[[ Exercise data open ]]

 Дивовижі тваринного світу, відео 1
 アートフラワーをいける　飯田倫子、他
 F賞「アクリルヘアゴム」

[[ Exercise data closed ]]
[[ Exercise data open ]]

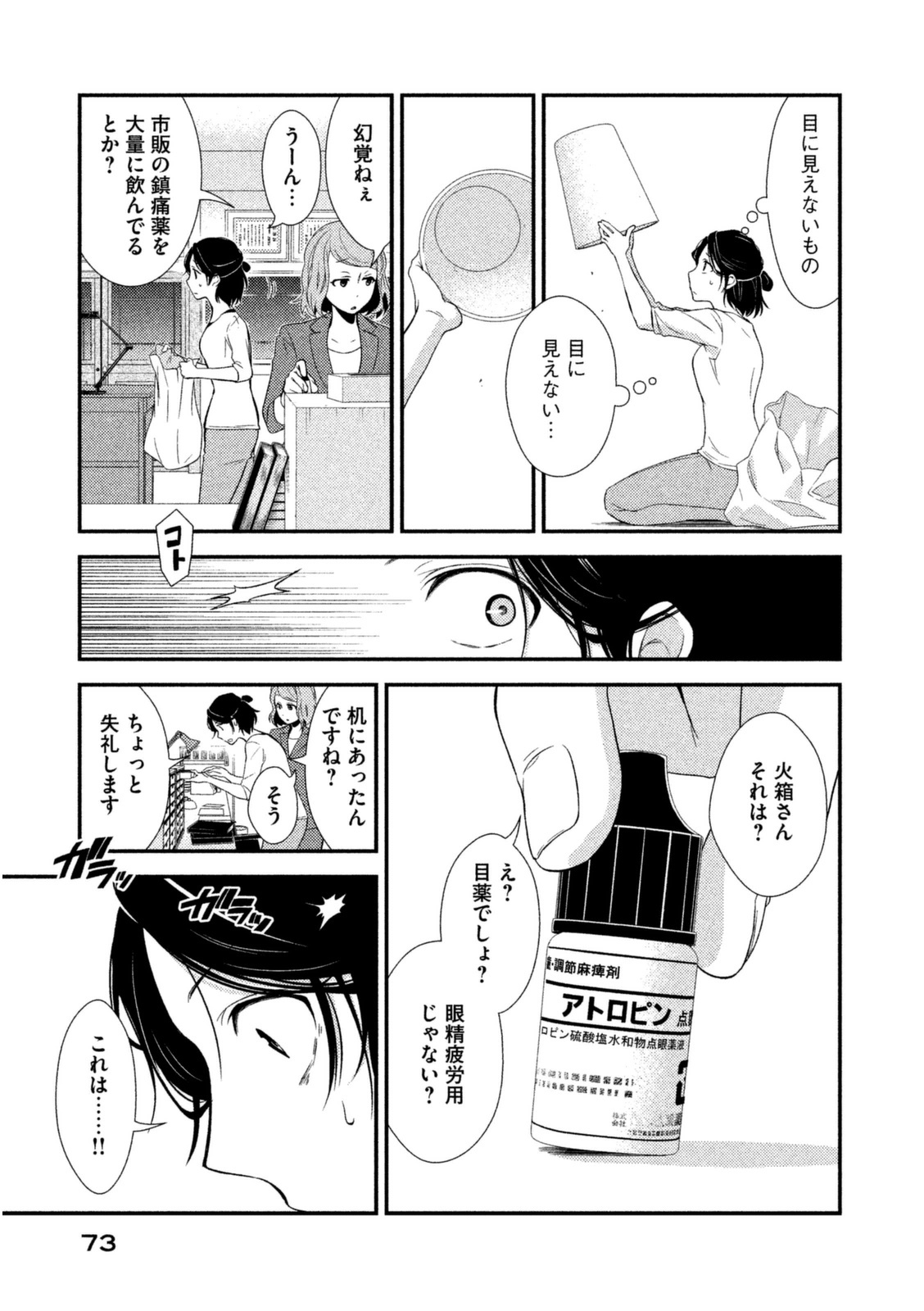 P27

[[ Exercise data closed ]]

Exercise goal: Using the data above, extract exactly the lines from the one that holds "Дивовижі тваринного світу, відео 1" to the one that holds "F賞「アクリルヘアゴム」", both ends included, and no others.

Task response:
 Дивовижі тваринного світу, відео 1
 アートフラワーをいける　飯田倫子、他
 F賞「アクリルヘアゴム」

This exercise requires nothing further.